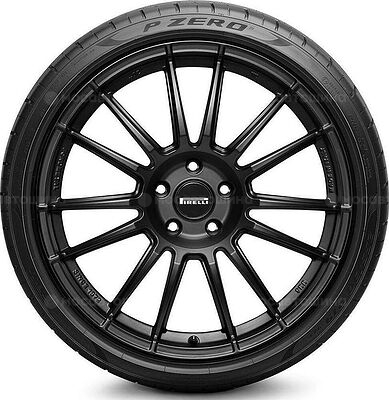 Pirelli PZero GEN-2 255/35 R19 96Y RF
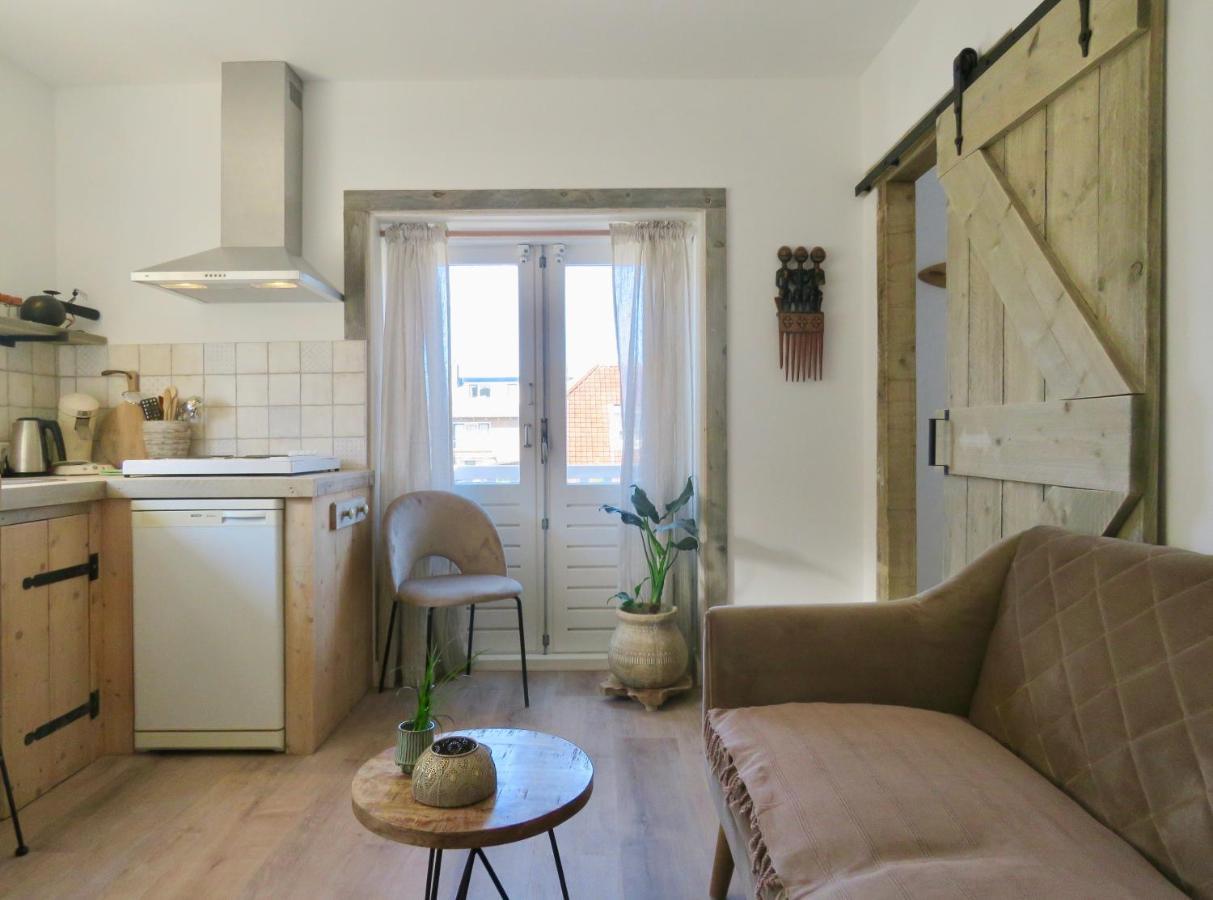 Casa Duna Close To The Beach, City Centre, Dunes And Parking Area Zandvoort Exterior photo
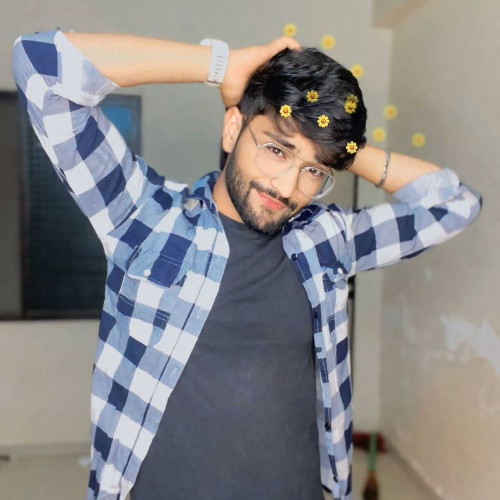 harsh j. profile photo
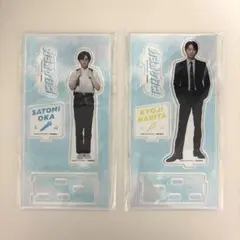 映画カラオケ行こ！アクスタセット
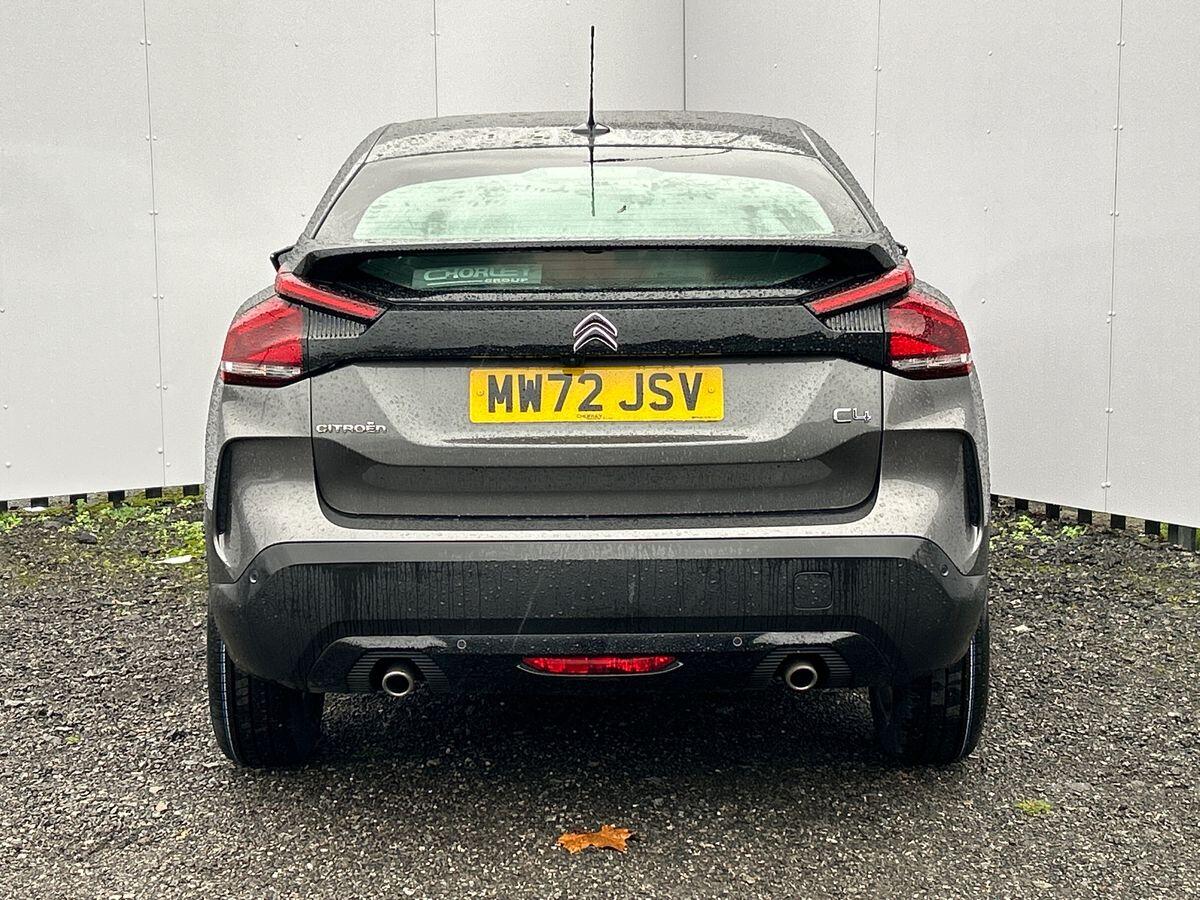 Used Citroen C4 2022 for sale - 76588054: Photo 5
---
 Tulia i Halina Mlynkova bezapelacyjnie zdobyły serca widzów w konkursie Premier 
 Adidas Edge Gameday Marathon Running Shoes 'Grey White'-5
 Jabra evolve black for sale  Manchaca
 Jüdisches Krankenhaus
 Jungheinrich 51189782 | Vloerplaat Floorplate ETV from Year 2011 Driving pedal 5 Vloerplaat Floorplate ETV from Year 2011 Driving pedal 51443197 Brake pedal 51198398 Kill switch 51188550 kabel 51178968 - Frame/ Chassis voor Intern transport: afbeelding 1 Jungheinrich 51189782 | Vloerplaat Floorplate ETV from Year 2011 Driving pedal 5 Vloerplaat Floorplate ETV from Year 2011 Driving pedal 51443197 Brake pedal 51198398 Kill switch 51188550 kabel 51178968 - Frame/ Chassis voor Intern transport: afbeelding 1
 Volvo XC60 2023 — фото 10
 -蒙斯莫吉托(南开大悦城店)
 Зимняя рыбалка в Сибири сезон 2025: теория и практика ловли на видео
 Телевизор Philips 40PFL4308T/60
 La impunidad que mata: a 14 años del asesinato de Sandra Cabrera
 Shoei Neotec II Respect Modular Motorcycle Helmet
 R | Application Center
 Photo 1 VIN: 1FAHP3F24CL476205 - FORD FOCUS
==
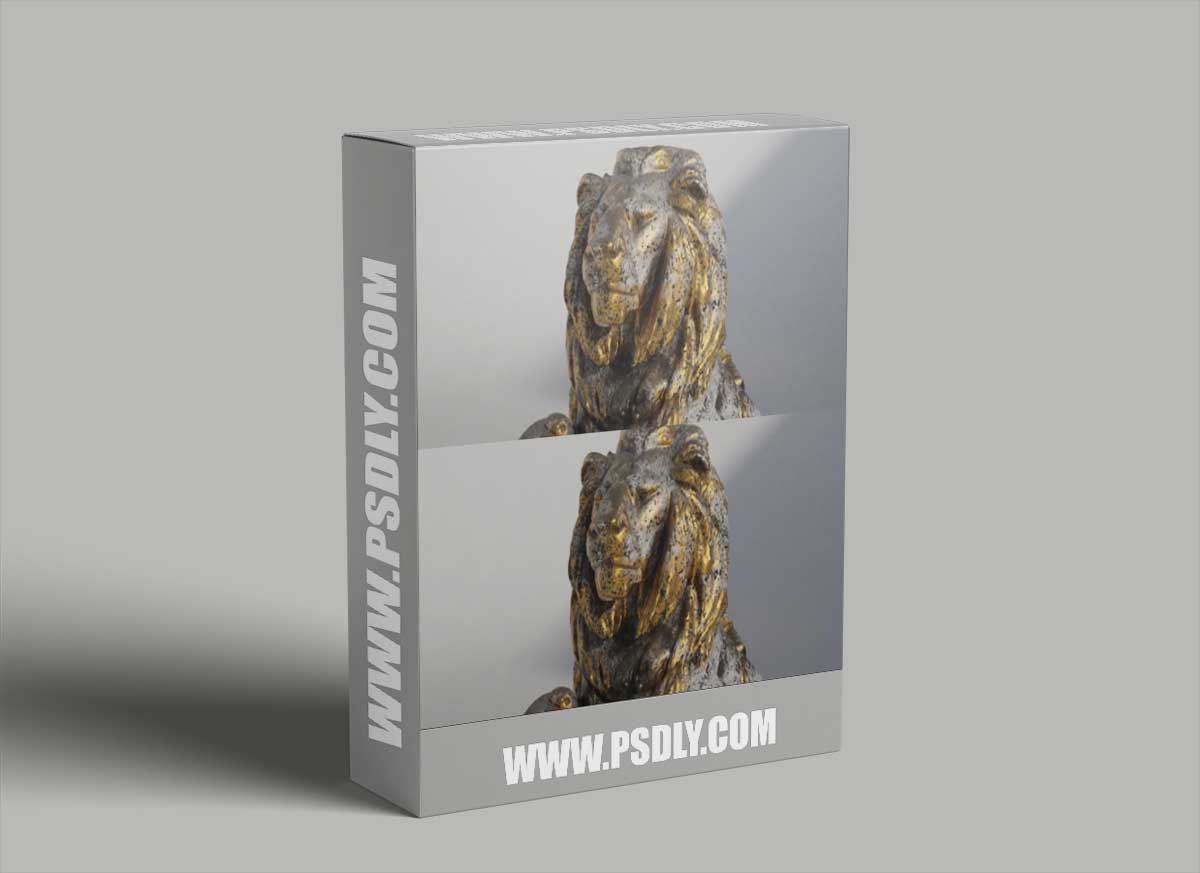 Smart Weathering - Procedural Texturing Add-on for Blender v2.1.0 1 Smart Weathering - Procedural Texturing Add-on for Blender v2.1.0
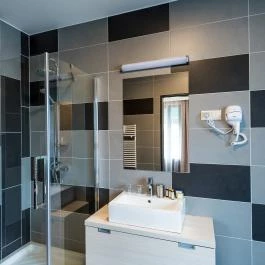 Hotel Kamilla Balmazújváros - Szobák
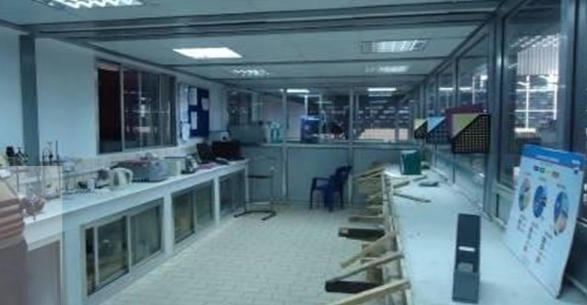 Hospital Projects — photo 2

• _EXERCISE AIM_
Would you output, from the records above, exactly the run of lines that starts at the line containing "Volvo XC60 2023 — фото 10" and ends at the line containing "Photo 1 VIN: 1FAHP3F24CL476205 - FORD FOCUS", and only that run?

• _RESULT OF THIS TASK_
 Volvo XC60 2023 — фото 10
 -蒙斯莫吉托(南开大悦城店)
 Зимняя рыбалка в Сибири сезон 2025: теория и практика ловли на видео
 Телевизор Philips 40PFL4308T/60
 La impunidad que mata: a 14 años del asesinato de Sandra Cabrera
 Shoei Neotec II Respect Modular Motorcycle Helmet
 R | Application Center
 Photo 1 VIN: 1FAHP3F24CL476205 - FORD FOCUS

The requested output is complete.